■ Description of the task ■
Look through the listing below and write out exactly the lines from the line with "5 Bedroom House in Constantia Park" to the line with "CSGT Đắk Nông", both included, and no others.

═════ Materials provided

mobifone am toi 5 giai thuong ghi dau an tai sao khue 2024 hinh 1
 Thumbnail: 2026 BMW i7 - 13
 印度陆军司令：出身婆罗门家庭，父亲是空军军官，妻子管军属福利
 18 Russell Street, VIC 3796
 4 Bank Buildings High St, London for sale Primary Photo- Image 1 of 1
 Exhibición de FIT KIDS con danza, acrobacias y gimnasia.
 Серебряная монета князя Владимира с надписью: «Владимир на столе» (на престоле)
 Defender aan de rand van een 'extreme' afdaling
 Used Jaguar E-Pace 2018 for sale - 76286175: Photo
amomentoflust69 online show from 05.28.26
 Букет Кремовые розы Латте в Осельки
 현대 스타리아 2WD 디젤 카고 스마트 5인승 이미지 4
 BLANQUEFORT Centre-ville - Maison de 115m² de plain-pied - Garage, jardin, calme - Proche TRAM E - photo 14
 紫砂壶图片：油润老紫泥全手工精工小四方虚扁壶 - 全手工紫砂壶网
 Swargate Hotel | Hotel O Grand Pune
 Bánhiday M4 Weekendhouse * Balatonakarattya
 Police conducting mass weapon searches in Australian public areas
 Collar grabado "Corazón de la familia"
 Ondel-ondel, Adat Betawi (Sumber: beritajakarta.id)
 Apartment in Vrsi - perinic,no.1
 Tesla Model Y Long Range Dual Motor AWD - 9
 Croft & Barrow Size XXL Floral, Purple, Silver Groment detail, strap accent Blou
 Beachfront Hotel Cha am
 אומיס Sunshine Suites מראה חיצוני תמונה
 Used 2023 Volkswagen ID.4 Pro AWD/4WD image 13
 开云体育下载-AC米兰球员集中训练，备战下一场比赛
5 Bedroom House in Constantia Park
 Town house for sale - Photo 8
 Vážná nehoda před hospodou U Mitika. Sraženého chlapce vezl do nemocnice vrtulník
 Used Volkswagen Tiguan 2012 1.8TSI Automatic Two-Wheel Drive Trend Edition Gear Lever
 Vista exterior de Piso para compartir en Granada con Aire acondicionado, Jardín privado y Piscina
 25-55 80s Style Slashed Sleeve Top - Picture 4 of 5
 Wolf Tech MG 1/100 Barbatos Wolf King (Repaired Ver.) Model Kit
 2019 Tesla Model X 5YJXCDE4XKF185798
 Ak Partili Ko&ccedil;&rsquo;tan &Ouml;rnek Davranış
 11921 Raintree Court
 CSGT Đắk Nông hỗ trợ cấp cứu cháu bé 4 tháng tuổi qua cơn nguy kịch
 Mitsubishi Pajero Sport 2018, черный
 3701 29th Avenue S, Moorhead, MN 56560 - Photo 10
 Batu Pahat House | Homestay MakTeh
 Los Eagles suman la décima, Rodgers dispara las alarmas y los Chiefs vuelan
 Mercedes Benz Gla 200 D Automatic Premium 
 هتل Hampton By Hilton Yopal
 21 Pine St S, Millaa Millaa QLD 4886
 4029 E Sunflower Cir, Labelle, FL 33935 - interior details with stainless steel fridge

══════════

■ Solution to the problem ■
5 Bedroom House in Constantia Park
 Town house for sale - Photo 8
 Vážná nehoda před hospodou U Mitika. Sraženého chlapce vezl do nemocnice vrtulník
 Used Volkswagen Tiguan 2012 1.8TSI Automatic Two-Wheel Drive Trend Edition Gear Lever
 Vista exterior de Piso para compartir en Granada con Aire acondicionado, Jardín privado y Piscina
 25-55 80s Style Slashed Sleeve Top - Picture 4 of 5
 Wolf Tech MG 1/100 Barbatos Wolf King (Repaired Ver.) Model Kit
 2019 Tesla Model X 5YJXCDE4XKF185798
 Ak Partili Ko&ccedil;&rsquo;tan &Ouml;rnek Davranış
 11921 Raintree Court
 CSGT Đắk Nông hỗ trợ cấp cứu cháu bé 4 tháng tuổi qua cơn nguy kịch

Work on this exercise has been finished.